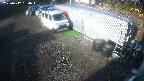 yotec2-20250417064017.jpg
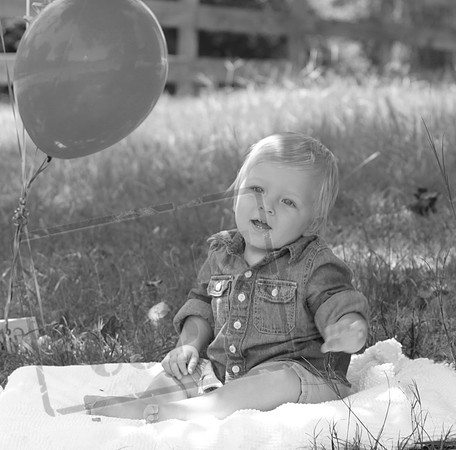IMG_3281bw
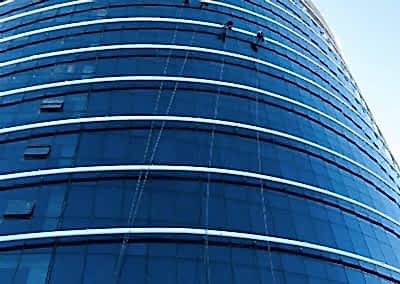 WhatsApp Image 2018-12-05 at 10.43.41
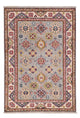Kazak Tapete 154x102cm - Tapete Oriental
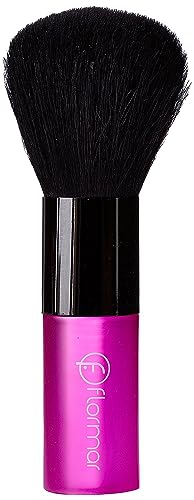 Blush On Brush, Geniş Allık Fırçası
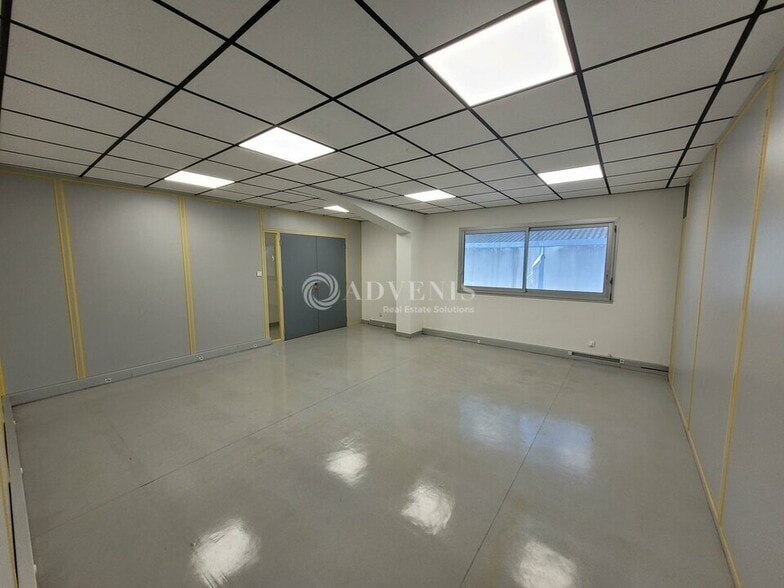 4 Impasse Du Tertre, Carquefou à vendre - Photo intérieure – Image 2 sur 11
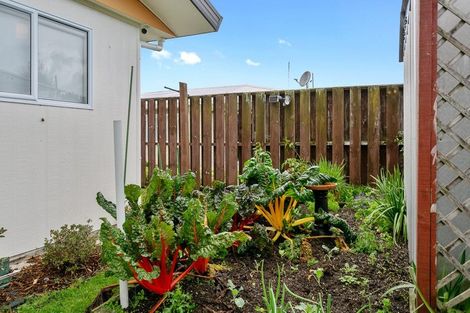 Photo of property in 74b Peria Road, Matamata, 3400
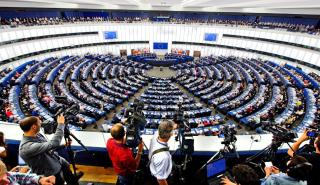 Πώς θα δείτε πρώτοι τα αποτελέσματα των ευρωεκλογών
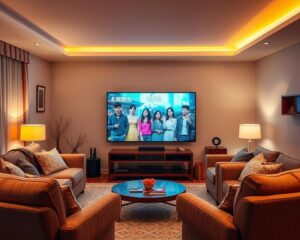 aplicativo para assistir novelas coreanas grátis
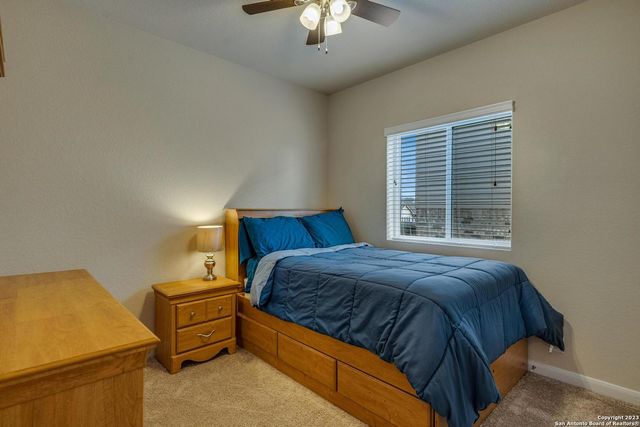 12515 Ponder Ranch, San Antonio, TX 78245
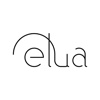 elua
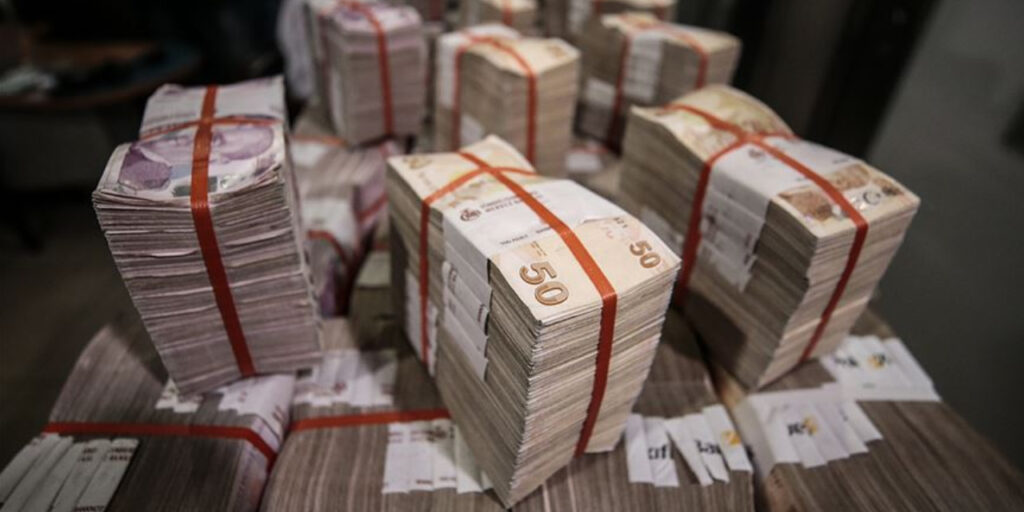 Bakanlık 240 milyon dağıtacak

⁂

### [What the task asks]
Omit the pictures. Transcribe word for word the lines from the one containing "12515 Ponder Ranch, San Antonio, TX 78245" through the end of the listing, inclusive.

### [Written answer]
 12515 Ponder Ranch, San Antonio, TX 78245
 elua
 Bakanlık 240 milyon dağıtacak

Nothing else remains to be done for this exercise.